Eco-bridges for the movement of tigers

Vegetation will camouflage fragmentation of forests along the Pranahita barrage

Published - July 17, 2017 10:24 pm IST - ADILABAD

Marking boundaries: A tiger urinating to mark its territory in the Dewada buffer area of Tadoba-Andhari Tiger Reserve in Maharashtra.

Marking boundaries: A tiger urinating to mark its territory in the Dewada buffer area of Tadoba-Andhari Tiger Reserve in Maharashtra.

In a first of its kind, Telangana State will have eco-friendly bridges over a canal cutting across the tiger corridor linking the Tadoba-Andhari Tiger Reserve (TATR) in the Chandrapur district of Maharashtra with the forests in Telangana's Kumram Bheem Asifabad district. The intervention requires the laying of fertile soil to grow grass and plants over the structure, so that fragmentation of the reserve forest is camouflaged.

The ‘eco-bridges’ will be constructed at key spots along the 72 km-long, and at some places over a kilometre wide, right flank canal of the Pranahita barrage in the Bejjur and Dahegaon mandals, according to Chief Engineer (Projects) K. Bhagwanth Rao.

One of the locations tentatively earmarked for the eco-bridge is a spot close to Sulgupalli in the Bejjur forest range. Here, the canal is over a kilometre wide and the need to facilitate the movement of wild animals is quite necessary.

The concept emerged after visits by experts from the Wildlife Board of India and the Wildlife Institute of India. They were concerned about the large-scale destruction of pristine forest along the corridor, which would result in cutting off tiger movement between TATR and Bejjur.

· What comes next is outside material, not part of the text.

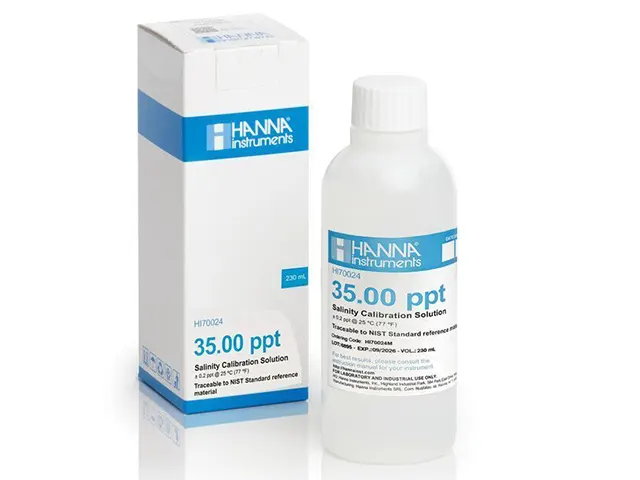 Solução de Calibração de Salinidade Marinha 35.00 ppt 230ml HI70024M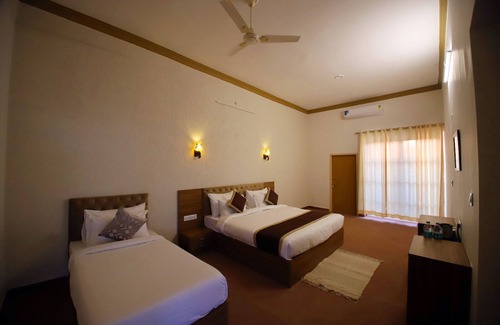 Sariska Hotel | The Vanashv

The Telangana Irrigation Department has given its consent for the construction of the eco-bridges. Recommendations on the size and locations of the bridges are awaited from the National Board of Wildlife, Mr. Rao said.

In recent years, big cats from the TATR have ambled into the mixed and bamboo forests of the Bejjur range via the Sirpur forests. The TATR and its buffer area, which are contiguous with the Sirpur forests, boast of a speedily multiplying tiger population, the cause of the frequent migration of tigers into Sirpur and Bejjur.